The Newly elected BGMEA President Faruque Hassan said the buyer has no right to do such unethical practice with any supplier.
Chattogram EPZ based jeans maker Denim Expert Ltd is one of Peacocks' suppliers in Bangladesh. Peacocks cancelled orders of 43,600 pieces of jeans worth over $2,26,180.
The brand has cancelled all orders already made and stocks already shipped.
"Peacocks' order cancellation hit my business hard. Some other manufacturers also suffered from its order cancellation," Mostafiz Uddin, managing director of Denim Expert Ltd.
"Now I am working with British MPs and European Commission to change the bankruptcy laws which such errant brands always resort to wipe out their debts to factories and come to business again under a new name," he added.
"We have to put concerted efforts to tame such unethical purchasing practices that are strangling the manufacturers," said Mostafiz Uddin, who is also founder and CEO of Bangladesh Apparel Exchange.
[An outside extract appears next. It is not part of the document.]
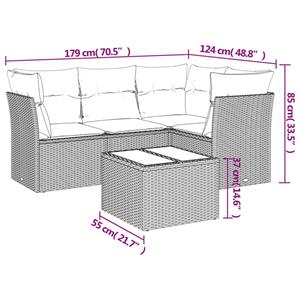vidaXL 5-delige Loungeset met kussens poly rattan bruin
One of Peacocks' suppliers said on condition of anonymity that the brand pushed him to produce orders in November while it was still in EWM.
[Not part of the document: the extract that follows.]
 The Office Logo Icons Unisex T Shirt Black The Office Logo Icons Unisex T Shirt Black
But later, it cancelled that order while the goods were ready for shipping.
However, after order cancellation, the brand also emailed the supplier saying they agreed to receive those jeans pants on condition of 50% discount. That was the last email from Peacocks to the factory.
The supplier said how they asked for shipping those goods as the cost of raw materials is over 80%.
Now, he is afraid of being bankrupt as he has paid all his suppliers and all the workers out of his own pocket.
He also mentioned that Peacocks' total liabilities to his company stands at over $2.6 million.
KL Design, another Bangladeshi garment exporter, claims a due payment of $438,151 to Peacocks for shipped goods last June.
According to sources, Edinburgh Woolen Mills and its subsidiary brands owe about $27 million to some 22 Bangladeshi apparel exporting companies.